Start of PROVIDED INFORMATION

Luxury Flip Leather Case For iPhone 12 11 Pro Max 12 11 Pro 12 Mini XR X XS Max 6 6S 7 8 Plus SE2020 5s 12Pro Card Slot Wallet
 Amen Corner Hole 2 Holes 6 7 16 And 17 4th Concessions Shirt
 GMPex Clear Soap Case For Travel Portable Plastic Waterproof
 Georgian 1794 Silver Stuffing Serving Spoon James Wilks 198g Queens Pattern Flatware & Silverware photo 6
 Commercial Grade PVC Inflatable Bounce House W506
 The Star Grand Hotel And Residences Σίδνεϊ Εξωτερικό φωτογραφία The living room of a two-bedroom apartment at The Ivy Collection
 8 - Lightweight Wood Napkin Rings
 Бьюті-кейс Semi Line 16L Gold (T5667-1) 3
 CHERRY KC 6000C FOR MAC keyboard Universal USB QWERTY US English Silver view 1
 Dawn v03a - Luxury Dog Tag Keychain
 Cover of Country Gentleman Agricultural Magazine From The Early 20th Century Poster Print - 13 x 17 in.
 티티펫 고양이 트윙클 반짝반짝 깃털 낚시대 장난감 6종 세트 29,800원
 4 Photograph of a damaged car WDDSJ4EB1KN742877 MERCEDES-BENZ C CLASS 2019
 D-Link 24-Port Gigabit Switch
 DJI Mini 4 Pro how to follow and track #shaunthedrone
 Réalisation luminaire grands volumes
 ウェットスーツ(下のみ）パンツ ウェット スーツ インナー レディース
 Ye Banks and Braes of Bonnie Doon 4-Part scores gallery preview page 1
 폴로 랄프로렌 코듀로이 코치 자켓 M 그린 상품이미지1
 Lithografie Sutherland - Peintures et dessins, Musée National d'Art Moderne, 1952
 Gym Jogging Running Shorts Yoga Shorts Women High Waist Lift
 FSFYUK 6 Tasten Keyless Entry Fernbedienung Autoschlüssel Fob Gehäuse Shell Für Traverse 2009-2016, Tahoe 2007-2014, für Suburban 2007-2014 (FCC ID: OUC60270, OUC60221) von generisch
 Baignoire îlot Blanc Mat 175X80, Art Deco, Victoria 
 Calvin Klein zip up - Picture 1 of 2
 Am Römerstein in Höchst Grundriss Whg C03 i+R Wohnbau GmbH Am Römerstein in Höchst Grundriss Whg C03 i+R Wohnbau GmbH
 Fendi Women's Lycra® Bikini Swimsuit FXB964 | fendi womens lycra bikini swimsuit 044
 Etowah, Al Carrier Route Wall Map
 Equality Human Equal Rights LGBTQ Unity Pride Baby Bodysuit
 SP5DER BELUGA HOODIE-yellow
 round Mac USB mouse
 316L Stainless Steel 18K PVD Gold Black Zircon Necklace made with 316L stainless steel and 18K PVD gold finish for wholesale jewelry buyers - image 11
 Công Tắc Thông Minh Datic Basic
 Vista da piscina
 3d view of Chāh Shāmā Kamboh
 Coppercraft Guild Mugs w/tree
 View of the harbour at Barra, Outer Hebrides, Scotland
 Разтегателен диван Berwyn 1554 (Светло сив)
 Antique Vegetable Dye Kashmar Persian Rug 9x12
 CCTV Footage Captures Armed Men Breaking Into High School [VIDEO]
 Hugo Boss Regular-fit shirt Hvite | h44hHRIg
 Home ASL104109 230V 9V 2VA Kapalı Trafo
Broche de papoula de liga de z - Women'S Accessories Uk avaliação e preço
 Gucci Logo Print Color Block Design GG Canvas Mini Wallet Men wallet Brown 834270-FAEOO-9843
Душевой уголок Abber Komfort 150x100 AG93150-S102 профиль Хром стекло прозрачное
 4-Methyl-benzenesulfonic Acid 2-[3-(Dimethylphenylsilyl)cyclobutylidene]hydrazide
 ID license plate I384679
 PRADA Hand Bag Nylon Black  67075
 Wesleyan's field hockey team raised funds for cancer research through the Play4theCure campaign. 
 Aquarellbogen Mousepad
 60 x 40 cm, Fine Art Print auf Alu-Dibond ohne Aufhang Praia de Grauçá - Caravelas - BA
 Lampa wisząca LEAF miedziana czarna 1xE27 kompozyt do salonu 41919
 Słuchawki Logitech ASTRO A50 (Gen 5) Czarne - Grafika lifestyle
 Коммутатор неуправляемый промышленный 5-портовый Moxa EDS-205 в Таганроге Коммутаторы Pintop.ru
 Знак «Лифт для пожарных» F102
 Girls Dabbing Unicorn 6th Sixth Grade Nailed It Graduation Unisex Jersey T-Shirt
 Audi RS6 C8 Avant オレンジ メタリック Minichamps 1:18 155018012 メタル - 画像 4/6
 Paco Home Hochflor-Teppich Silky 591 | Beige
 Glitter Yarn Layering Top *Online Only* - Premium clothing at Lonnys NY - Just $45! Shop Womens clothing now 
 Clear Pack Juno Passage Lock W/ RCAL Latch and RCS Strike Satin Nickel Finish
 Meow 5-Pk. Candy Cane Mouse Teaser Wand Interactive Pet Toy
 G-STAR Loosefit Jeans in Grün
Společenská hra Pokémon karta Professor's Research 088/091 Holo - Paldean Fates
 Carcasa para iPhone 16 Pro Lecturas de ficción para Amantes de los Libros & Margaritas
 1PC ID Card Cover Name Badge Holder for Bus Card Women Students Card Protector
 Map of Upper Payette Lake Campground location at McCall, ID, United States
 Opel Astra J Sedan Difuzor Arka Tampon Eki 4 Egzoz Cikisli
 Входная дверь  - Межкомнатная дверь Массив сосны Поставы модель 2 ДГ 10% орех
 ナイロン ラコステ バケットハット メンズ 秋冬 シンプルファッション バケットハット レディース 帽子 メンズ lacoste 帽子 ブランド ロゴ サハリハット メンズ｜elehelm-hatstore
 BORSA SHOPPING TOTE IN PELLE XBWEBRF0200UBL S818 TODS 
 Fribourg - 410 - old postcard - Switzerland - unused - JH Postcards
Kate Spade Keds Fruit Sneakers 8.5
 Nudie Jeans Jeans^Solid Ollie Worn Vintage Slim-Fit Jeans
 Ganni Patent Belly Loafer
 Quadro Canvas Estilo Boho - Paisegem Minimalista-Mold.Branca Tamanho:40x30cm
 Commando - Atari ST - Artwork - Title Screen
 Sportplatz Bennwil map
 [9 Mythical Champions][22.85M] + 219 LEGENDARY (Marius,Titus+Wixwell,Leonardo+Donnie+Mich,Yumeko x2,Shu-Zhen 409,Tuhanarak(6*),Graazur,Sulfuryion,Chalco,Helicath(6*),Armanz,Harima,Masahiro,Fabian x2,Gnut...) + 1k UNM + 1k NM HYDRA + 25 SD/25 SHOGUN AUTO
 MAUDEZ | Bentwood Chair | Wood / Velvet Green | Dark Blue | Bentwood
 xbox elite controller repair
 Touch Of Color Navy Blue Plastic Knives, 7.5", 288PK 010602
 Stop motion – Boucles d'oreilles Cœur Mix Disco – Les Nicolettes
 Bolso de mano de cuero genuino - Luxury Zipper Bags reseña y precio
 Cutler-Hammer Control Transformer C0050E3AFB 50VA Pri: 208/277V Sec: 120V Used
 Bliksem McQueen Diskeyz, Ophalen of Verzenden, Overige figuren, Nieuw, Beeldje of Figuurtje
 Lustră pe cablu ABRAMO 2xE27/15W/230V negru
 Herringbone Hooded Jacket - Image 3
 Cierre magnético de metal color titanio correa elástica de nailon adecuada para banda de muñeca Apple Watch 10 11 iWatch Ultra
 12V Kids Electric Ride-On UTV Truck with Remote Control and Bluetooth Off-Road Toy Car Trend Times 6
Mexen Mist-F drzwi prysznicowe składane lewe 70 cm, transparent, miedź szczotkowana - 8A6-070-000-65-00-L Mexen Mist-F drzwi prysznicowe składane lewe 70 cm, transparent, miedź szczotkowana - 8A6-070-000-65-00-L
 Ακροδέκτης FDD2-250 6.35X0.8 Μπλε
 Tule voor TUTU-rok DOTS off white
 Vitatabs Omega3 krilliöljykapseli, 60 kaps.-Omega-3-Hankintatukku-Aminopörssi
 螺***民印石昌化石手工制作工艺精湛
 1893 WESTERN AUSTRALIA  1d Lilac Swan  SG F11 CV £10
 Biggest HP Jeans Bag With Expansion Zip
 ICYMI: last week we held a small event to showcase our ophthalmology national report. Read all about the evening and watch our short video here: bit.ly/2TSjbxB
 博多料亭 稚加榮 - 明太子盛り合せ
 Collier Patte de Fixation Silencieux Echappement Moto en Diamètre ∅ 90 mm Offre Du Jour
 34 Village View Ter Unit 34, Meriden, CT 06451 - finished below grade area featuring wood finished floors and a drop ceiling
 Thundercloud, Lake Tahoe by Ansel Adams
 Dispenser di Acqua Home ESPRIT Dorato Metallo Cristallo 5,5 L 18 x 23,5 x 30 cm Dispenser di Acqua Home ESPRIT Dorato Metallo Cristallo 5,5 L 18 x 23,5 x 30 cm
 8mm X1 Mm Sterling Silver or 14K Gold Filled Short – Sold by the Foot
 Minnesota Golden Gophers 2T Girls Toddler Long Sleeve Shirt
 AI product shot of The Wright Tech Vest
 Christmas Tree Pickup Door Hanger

End of PROVIDED INFORMATION

# [YOUR GOAL]
Only the lines above from the line with "Baignoire îlot Blanc" to the line with "Lampa wisząca LEAF", those two lines included, should be reproduced exactly.

# [RESULT FOR THIS TASK]
 Baignoire îlot Blanc Mat 175X80, Art Deco, Victoria 
 Calvin Klein zip up - Picture 1 of 2
 Am Römerstein in Höchst Grundriss Whg C03 i+R Wohnbau GmbH Am Römerstein in Höchst Grundriss Whg C03 i+R Wohnbau GmbH
 Fendi Women's Lycra® Bikini Swimsuit FXB964 | fendi womens lycra bikini swimsuit 044
 Etowah, Al Carrier Route Wall Map
 Equality Human Equal Rights LGBTQ Unity Pride Baby Bodysuit
 SP5DER BELUGA HOODIE-yellow
 round Mac USB mouse
 316L Stainless Steel 18K PVD Gold Black Zircon Necklace made with 316L stainless steel and 18K PVD gold finish for wholesale jewelry buyers - image 11
 Công Tắc Thông Minh Datic Basic
 Vista da piscina
 3d view of Chāh Shāmā Kamboh
 Coppercraft Guild Mugs w/tree
 View of the harbour at Barra, Outer Hebrides, Scotland
 Разтегателен диван Berwyn 1554 (Светло сив)
 Antique Vegetable Dye Kashmar Persian Rug 9x12
 CCTV Footage Captures Armed Men Breaking Into High School [VIDEO]
 Hugo Boss Regular-fit shirt Hvite | h44hHRIg
 Home ASL104109 230V 9V 2VA Kapalı Trafo
Broche de papoula de liga de z - Women'S Accessories Uk avaliação e preço
 Gucci Logo Print Color Block Design GG Canvas Mini Wallet Men wallet Brown 834270-FAEOO-9843
Душевой уголок Abber Komfort 150x100 AG93150-S102 профиль Хром стекло прозрачное
 4-Methyl-benzenesulfonic Acid 2-[3-(Dimethylphenylsilyl)cyclobutylidene]hydrazide
 ID license plate I384679
 PRADA Hand Bag Nylon Black  67075
 Wesleyan's field hockey team raised funds for cancer research through the Play4theCure campaign. 
 Aquarellbogen Mousepad
 60 x 40 cm, Fine Art Print auf Alu-Dibond ohne Aufhang Praia de Grauçá - Caravelas - BA
 Lampa wisząca LEAF miedziana czarna 1xE27 kompozyt do salonu 41919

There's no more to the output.